Image-caption web data:
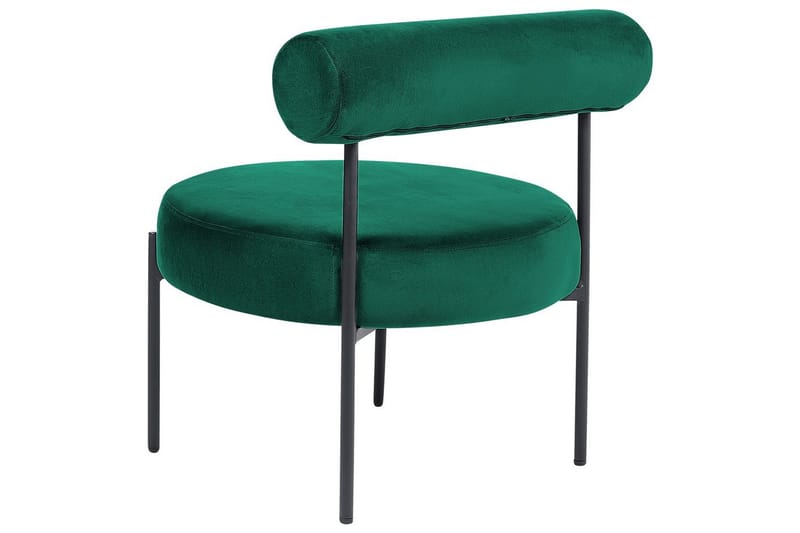 Fåtölj Alpha - Smaragdgrön, Svart - Möbler - Fåtölj & stolar - Fåtölj - Fåtölj utan armstöd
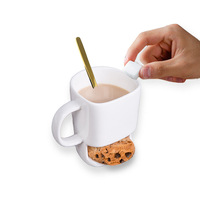 Mug à soupe en céramique de 11 oz à fond plat avec poignée, motif grenouille et visage humain, idéal pour les biscuits, de fabrication professionnelle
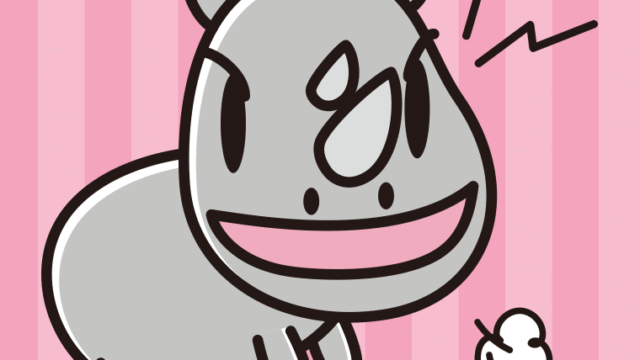 叫ぶサイちゃんのイラスト【色、背景あり】PNG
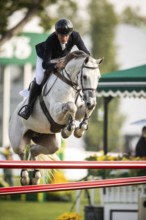 Armando Trapote of Spain, riding Caept'n Hook competes in the 2025 Spruce Meadows Masters on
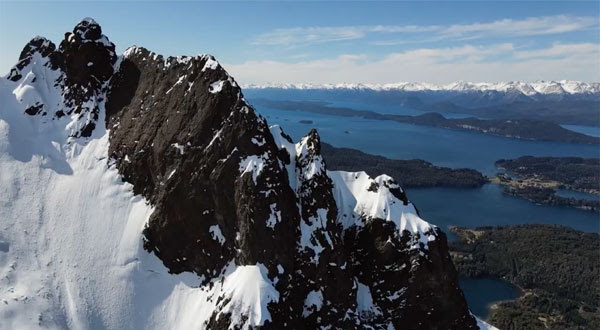 A classic view of the Bariloche lake district from Mount Lopez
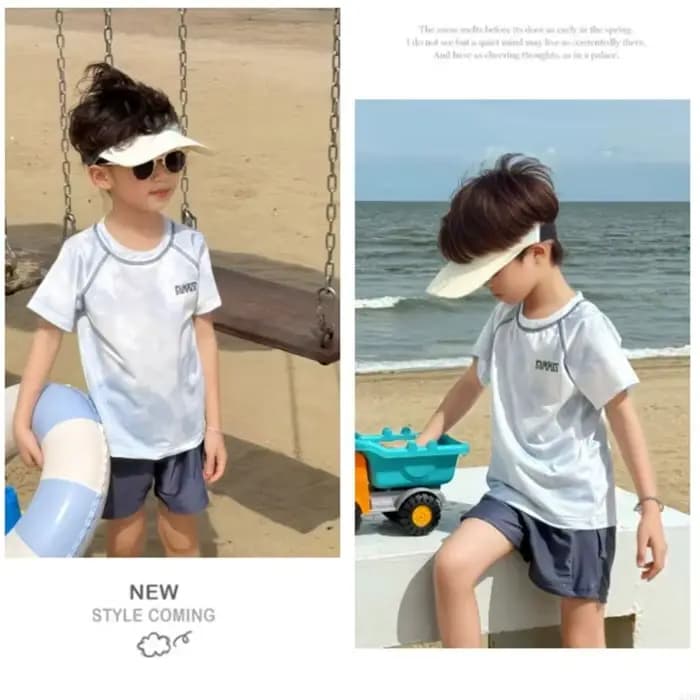 Ensemble shorts bain 2 pièces pour garçons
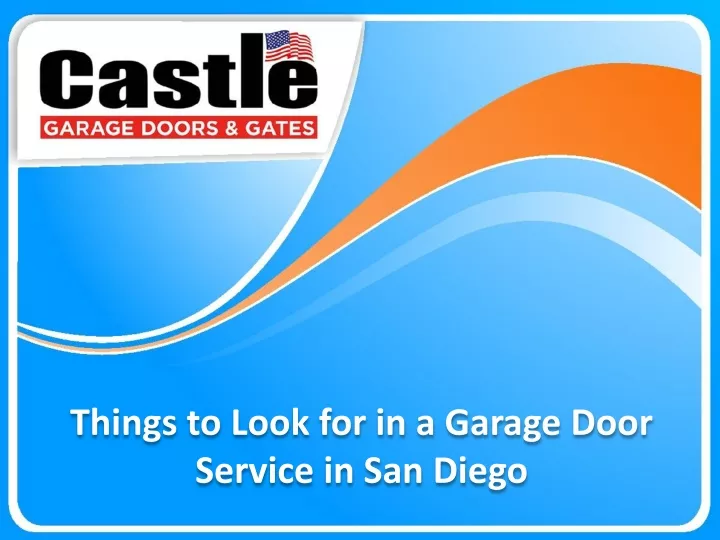 things to look for in a garage door service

Work required: Only the records themselves, retyped exactly, belong in the answer; please leave all images behind.

Finished exercise:
 Fåtölj Alpha - Smaragdgrön, Svart - Möbler - Fåtölj & stolar - Fåtölj - Fåtölj utan armstöd
 Mug à soupe en céramique de 11 oz à fond plat avec poignée, motif grenouille et visage humain, idéal pour les biscuits, de fabrication professionnelle
 叫ぶサイちゃんのイラスト【色、背景あり】PNG
 Armando Trapote of Spain, riding Caept'n Hook competes in the 2025 Spruce Meadows Masters on
 A classic view of the Bariloche lake district from Mount Lopez
 Ensemble shorts bain 2 pièces pour garçons
 things to look for in a garage door service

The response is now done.